Hartigan led a new initiative at the Skoll Centre for Social Entrepreneurship in collaboration with Oxford’s Executive Education Programme. This initiative, the Oxford Programme for Transformational Leadership (OPTL), seeks to address the organisational challenges faced by rapidly scaling social enterprises around the world. The OTPL began with a pilot initiative for the founders and senior in-country staff of Riders for Health, an internationally recognised and award-winning UK-based social enterprise focused on providing transport solutions to organisations delivering health care and other vital services to rural populations in Zimbabwe, the Gambia, Nigeria, Kenya, Zambia, Lesotho and Tanzania. A 4 day immersive leadership and management course was designed to better equip Riders for scale; immediate and medium term feedback indicates that the OTPL has been of great value for Riders. Subsequently, a number of public and private sector funders have expressed interest in offering similarly customised courses to social ventures in their portfolios.
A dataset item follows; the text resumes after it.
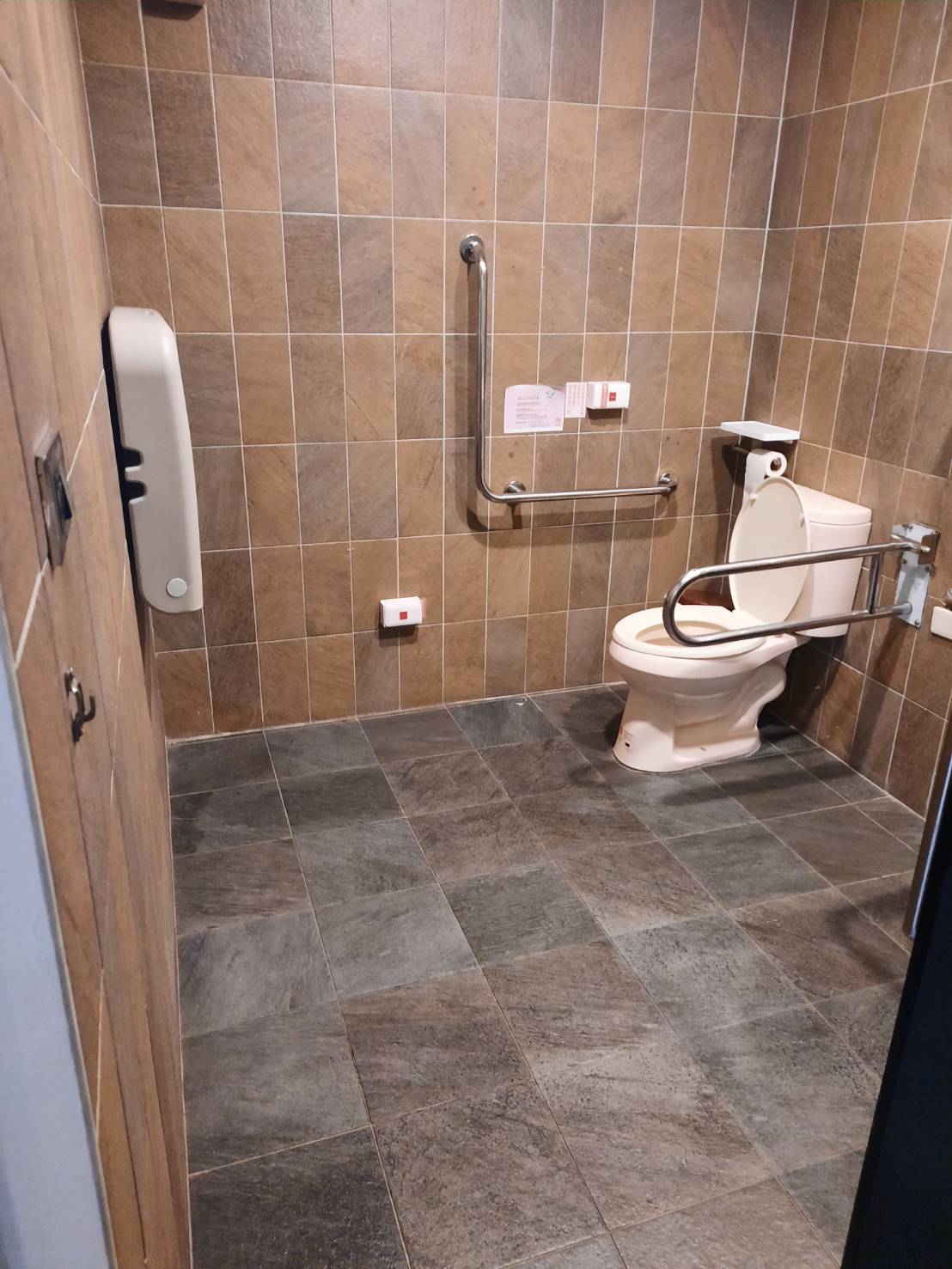 無障礙客房‧設施及友善環境-2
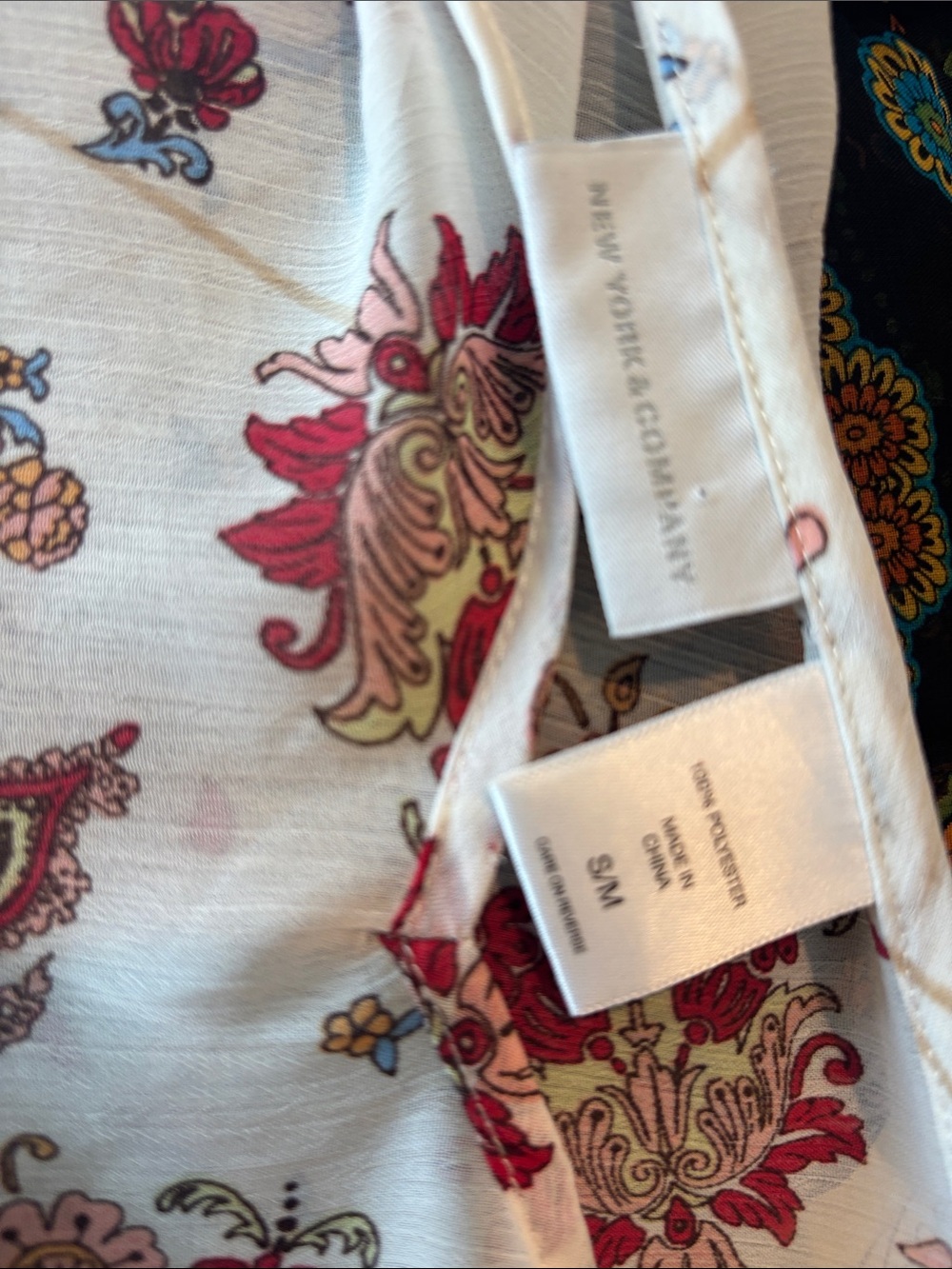 NEW YORK & Co Floral Tie-Front V-Neck Blouse - Cream with Red Floral - Picture 7 of 7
In addition to her work at Saïd Business School, Hartigan was an Adjunct Professor at Columbia Business School where she developed and taught an elective on social entrepreneurship for the MBA programme called ‘A Global Perspective’. Students have consistently evaluated the course as excellent. She was also involved in the International Organisation MBA (IOMBA) at the Haute Ecole de Commerce (HEC), University of Geneva, where she delivered a one-week intensive course on sustainable entrepreneurship and innovation for senior management in international organisations.